··· Records for processing

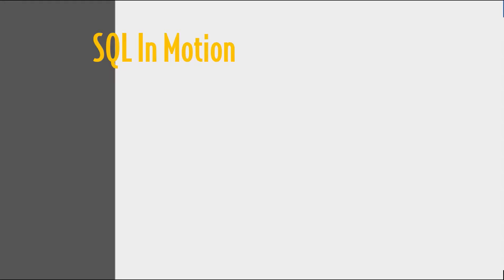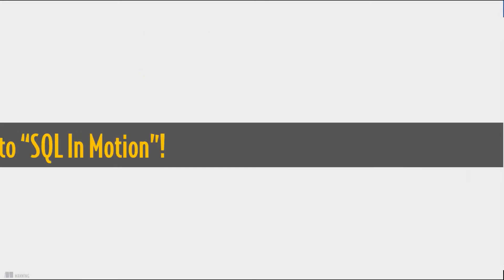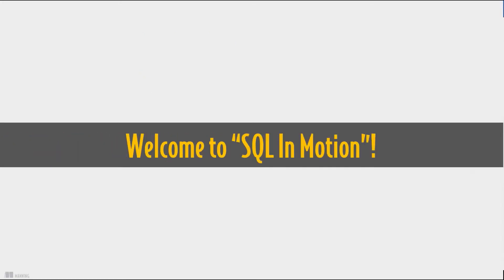SQL in Motion Introduction with Ben Brum. Welcome to the SQL in Motion course, and I'm glad you've joined.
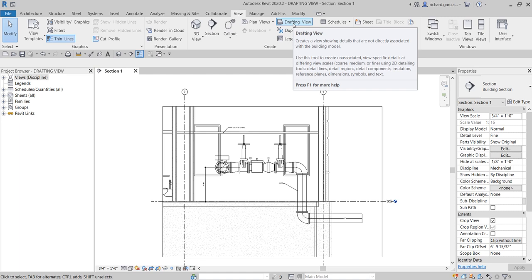We use view-specific detail elements in a drafting view, such as lines, detail regions, detail components, insulation, dimensions, symbols, text, and reference planes — only 2D elements. We create a drafting view when we want a view that is separated from the 3D model. Most of the time we use drafting view for detailing. For this exercise, we are going to create a simple detail of a concrete pad.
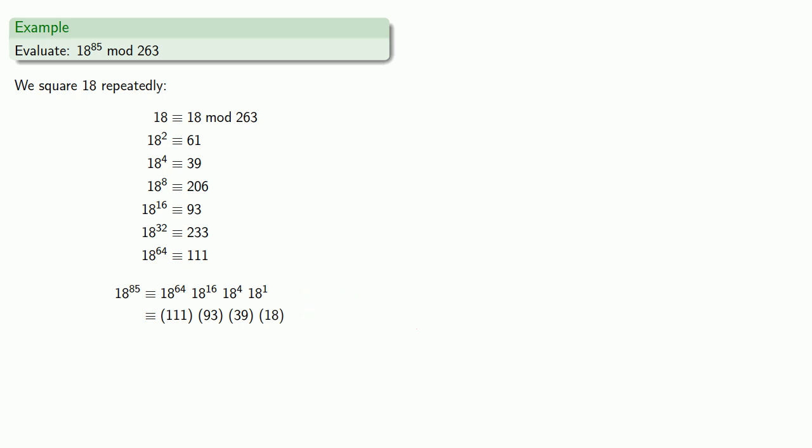And now we can form the pairwise products. And again, the advantage to working mod n is you never have to work with large numbers. So if I multiply 39 by 18, I do get a large number, 702, but I can reduce that to 176 mod 263.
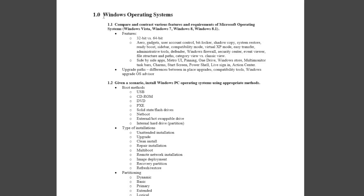Here they are right here. If you look, objective 1.0 is Windows operating systems. But what's important are these level 2 objectives — 1.1, 1.2, and so on. Let's take a look at 1.2: 'Given a scenario, install Windows PC operating systems using appropriate methods.' This tells us right away that the 220-902 is going to hit you with a lot of questions about installing and upgrading Windows.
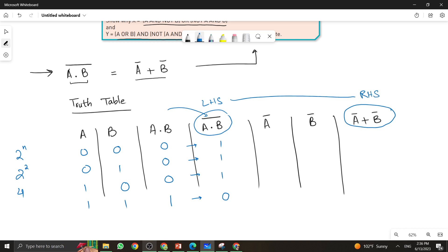Now let's calculate A bar. A bar means you take the values of A in the first column and perform a NOT operation. So if A is 0 then A bar is 1, and if A is 1 then A bar is 0. Similarly for B bar — the values are reversed: for 0 it becomes 1 and for 1 it becomes 0, giving 1, 0, 1, 0. Now add both to get A bar plus B bar: 1+1=1, 1+0=1, 0+1=1, 0+0=0.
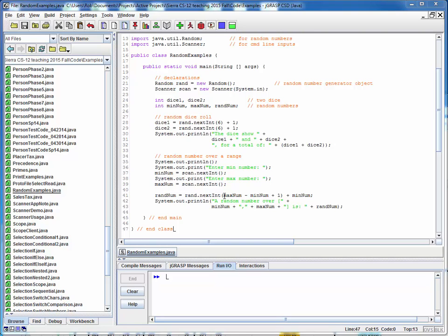So remember that the min and the max are used to determine the range or the number of random values. So let's say we put in 200 and 100. This would give us 101 possible random numbers. And then we offset that range by the minimum value. And then we print out the results as seen here.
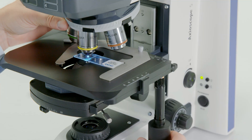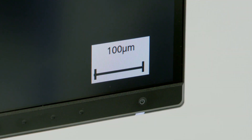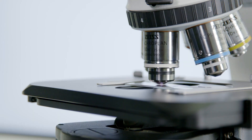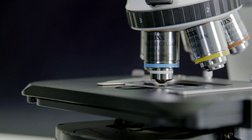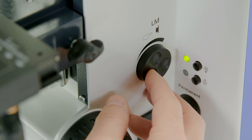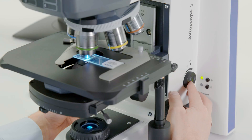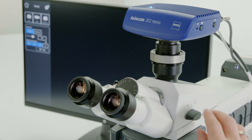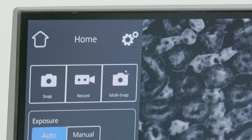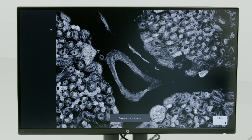Use a low magnification objective to locate and focus your sample, then switch to the magnification you need. You can control the individual light intensity of each fluorescence channel with the light intensity button on the microscope. Switch to blue excitation, change to monitor view, and focus your image again if necessary. Press snap — your system takes over.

······

# [The task]
Reproduce every entry above in full and exactly, though not its pictures.

# [Response box]
SQL in Motion Introduction with Ben Brum. Welcome to the SQL in Motion course, and I'm glad you've joined.
We use view-specific detail elements in a drafting view, such as lines, detail regions, detail components, insulation, dimensions, symbols, text, and reference planes — only 2D elements. We create a drafting view when we want a view that is separated from the 3D model. Most of the time we use drafting view for detailing. For this exercise, we are going to create a simple detail of a concrete pad.
And now we can form the pairwise products. And again, the advantage to working mod n is you never have to work with large numbers. So if I multiply 39 by 18, I do get a large number, 702, but I can reduce that to 176 mod 263.
Here they are right here. If you look, objective 1.0 is Windows operating systems. But what's important are these level 2 objectives — 1.1, 1.2, and so on. Let's take a look at 1.2: 'Given a scenario, install Windows PC operating systems using appropriate methods.' This tells us right away that the 220-902 is going to hit you with a lot of questions about installing and upgrading Windows.
Now let's calculate A bar. A bar means you take the values of A in the first column and perform a NOT operation. So if A is 0 then A bar is 1, and if A is 1 then A bar is 0. Similarly for B bar — the values are reversed: for 0 it becomes 1 and for 1 it becomes 0, giving 1, 0, 1, 0. Now add both to get A bar plus B bar: 1+1=1, 1+0=1, 0+1=1, 0+0=0.
So remember that the min and the max are used to determine the range or the number of random values. So let's say we put in 200 and 100. This would give us 101 possible random numbers. And then we offset that range by the minimum value. And then we print out the results as seen here.
Use a low magnification objective to locate and focus your sample, then switch to the magnification you need. You can control the individual light intensity of each fluorescence channel with the light intensity button on the microscope. Switch to blue excitation, change to monitor view, and focus your image again if necessary. Press snap — your system takes over.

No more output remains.